Seit gestern sind Dr. med. Denis Laurent, der Verwaltungsdirektor der Spitäler der Stiftung Kantha Bopha, sowie Professor Dr. med. Chantana, der Generaldirektor des Kinderspitals hier in Siem Reap, zu Besuch. Wir haben diese Gelegenheit dazu genutzt, eine Bestandesaufnahme der Kardiologie und der Kardiochirurgie in Kambodscha zu machen und Bilanz zu ziehen. Die Neuigkeiten sind erfreulich: Nicht nur wird hier in Siem Reap hart gearbeitet, im August dieses Jahres konnte in Phnom Penh ein neues Herzzentrum eingeweiht werden. Bis zum heutigen Tag haben die Chirurgen von Siem Reap (in regelmässigen Turnussen auch in Phnom Penh) insgesamt 98 Herzoperationen durchgeführt! Heute sind ein Journalist und eine Fotografin der Schweizer Illustrierten hier, um das Spital zu besuchen. Die Zeitschrift hat Beat Richner in seinen Projekten und in seinem unermüdlichen Engagement stets enorm unterstützt. Denis empfängt sie und zeigt ihnen die Abläufe im Spital. Im Handumdrehen landen sie auch schon in der Kardiologie.
13.30 Uhr
Wir verlassen den Operationssaal. Das war eine heikle Operation, die Ladin mit Meisterhand führte. Das Kind litt an zwei Fehlbildungen des Herzes. Beide benötigten eine separate Korrektur; das heisst, es mussten zwei Eingriffe in einer Operation vorgenommen werden. Das Herz des Kindes war sehr schwach und die Blutzirkulation stark verringert, so dass es nicht erstaunlich ist, dass der Junge in seinem Wachstum stark zurückliegt – er bringt im 10. Lebensmonat weniger als fünf Kilo auf die Waage. Mit seinem neuen Herz wird sein Leben anders sein, wir hoffen, dass er seinen Rückstand gänzlich oder wenigstens grösstenteils wieder aufholen kann.

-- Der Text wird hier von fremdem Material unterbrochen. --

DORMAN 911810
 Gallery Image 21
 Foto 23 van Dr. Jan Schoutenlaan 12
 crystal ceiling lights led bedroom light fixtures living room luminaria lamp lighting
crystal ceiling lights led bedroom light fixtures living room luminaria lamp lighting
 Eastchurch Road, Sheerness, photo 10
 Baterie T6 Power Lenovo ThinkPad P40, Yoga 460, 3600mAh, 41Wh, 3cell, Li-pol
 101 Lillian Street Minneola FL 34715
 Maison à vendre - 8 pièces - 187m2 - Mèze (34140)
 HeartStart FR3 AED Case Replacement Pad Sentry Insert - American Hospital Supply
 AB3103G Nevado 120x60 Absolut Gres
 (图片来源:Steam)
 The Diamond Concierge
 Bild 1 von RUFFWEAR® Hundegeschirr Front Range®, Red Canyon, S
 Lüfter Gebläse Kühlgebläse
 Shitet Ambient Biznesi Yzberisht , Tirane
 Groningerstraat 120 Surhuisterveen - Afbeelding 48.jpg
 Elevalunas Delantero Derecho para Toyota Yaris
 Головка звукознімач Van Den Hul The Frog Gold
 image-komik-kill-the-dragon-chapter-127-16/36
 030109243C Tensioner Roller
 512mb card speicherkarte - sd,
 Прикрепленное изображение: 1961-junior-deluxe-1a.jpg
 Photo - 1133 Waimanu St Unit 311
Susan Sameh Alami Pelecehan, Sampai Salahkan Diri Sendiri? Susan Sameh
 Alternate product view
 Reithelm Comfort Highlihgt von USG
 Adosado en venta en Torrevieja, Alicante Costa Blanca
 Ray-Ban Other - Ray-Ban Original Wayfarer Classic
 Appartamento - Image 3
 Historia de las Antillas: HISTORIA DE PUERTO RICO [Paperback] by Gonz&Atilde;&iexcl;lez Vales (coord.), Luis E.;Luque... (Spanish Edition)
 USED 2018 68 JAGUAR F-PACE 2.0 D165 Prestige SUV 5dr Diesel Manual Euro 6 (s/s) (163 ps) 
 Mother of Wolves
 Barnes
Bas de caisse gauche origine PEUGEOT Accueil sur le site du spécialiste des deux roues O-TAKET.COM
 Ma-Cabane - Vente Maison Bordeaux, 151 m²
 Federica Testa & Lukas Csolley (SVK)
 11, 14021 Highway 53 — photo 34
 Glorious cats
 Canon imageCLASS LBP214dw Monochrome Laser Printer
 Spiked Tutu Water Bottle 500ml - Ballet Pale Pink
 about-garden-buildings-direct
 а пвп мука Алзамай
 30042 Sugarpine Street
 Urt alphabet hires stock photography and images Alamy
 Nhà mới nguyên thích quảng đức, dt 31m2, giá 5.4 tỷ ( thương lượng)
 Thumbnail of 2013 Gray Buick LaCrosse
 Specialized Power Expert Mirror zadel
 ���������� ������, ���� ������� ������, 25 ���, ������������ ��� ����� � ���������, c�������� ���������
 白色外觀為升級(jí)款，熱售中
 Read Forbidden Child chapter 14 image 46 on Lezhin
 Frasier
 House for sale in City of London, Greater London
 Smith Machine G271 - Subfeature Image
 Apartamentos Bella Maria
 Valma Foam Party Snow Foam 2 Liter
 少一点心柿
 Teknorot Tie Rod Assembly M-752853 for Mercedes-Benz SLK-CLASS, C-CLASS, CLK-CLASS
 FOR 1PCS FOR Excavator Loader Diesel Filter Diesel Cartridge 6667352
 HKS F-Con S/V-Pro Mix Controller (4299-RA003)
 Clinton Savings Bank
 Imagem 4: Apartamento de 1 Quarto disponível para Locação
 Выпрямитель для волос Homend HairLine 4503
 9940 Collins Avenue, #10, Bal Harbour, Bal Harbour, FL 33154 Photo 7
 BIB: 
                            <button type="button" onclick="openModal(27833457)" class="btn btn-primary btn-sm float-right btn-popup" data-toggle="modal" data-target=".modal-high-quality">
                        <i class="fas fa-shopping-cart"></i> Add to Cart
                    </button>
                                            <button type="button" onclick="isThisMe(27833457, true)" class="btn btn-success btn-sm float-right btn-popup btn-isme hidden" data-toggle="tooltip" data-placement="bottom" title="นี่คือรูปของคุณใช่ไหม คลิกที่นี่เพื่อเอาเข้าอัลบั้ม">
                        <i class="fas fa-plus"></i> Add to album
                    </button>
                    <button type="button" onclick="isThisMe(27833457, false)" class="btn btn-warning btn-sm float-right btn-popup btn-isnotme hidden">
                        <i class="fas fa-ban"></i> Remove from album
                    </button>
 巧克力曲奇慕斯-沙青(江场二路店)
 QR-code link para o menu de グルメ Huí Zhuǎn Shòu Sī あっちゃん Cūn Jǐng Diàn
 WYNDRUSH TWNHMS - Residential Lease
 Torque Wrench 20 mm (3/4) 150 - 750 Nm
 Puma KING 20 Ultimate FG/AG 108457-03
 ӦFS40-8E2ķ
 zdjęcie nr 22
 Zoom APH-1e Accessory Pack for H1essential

Im Saal gegenüber dem Operationssaal ist Essenszeit. Das heisst, es gibt hier wie immer Sandwiches mit Pommes Frites und Ketchup. Aber da die Auswahl an Sandwiches gross ist und sie sehr gut sind, wird man ihnen trotzdem nicht leid. Eine Flasche Wasser (33cl, nicht 1l) für die nächste Operation und wir sind bereit, den zweiten Fall in Angriff zu nehmen.
18.30 Uhr
Dies war ein langer Marathon heute Nachmittag, um diese schöne Korrektur zu erreichen. Diese Operation war genauso komplex wie die von heute Morgen. Die Lungenarterien waren so stark unterentwickelt, dass die Haut des Kindes infolge des Sauerstoffmangels im Blut bisher immer ganz dunkelblau war. Für uns bedeutete dies, dass die beiden Lungenarterien auf der ganzen Länge von dem einen Lungenflügel zum anderen aufgetrennt und mit einem Patch erweitert werden mussten. Den Patch stellten wir aus der feinen, das Herz umhüllenden Membran, dem Herzbeutel, her. In Anbetracht der Fragilität der Gefässe (so fein wie Zigarettenpapier) konnte dazu nur eine ganz feine Nadel und ein ganz feiner Faden verwendet werden, und die Stiche mussten mikroskopisch klein sein. Jetzt hiess es für Ladin und mich Akkordarbeit, um diese Erweiterung durchzuführen. Das Ergebnis kann sich sehen lassen: die Arterien sind schön gross und gleichmässig geworden. Jetzt mussten sie noch mit dem Herz verbunden werden – eine weitere langsame und gewichtige Arbeit. Das Ausschalten der Herz-Lungen-Maschine verlief jedoch reibungslos. Unsere neuen Gefässe dehnten sich fröhlich aus und durchbluten von nun an die Lunge wieder – ganz zu unserer Zufriedenheit. Endlich färbte sich das Kind auch langsam wieder rosa (zumindest einmal die Lippen und Nägel). Da der Operationsbereich beim Schliessen der Wunde «trocken», also ohne verbleibende Blutungen, war, wird das Kind bestimmt einen ruhigen Abend und eine ruhige Nacht verbringen.
Heute Abend überkommt mich die Müdigkeit – wie gestern und auch vorgestern – und so bleiben wir in der Nähe des Spitals.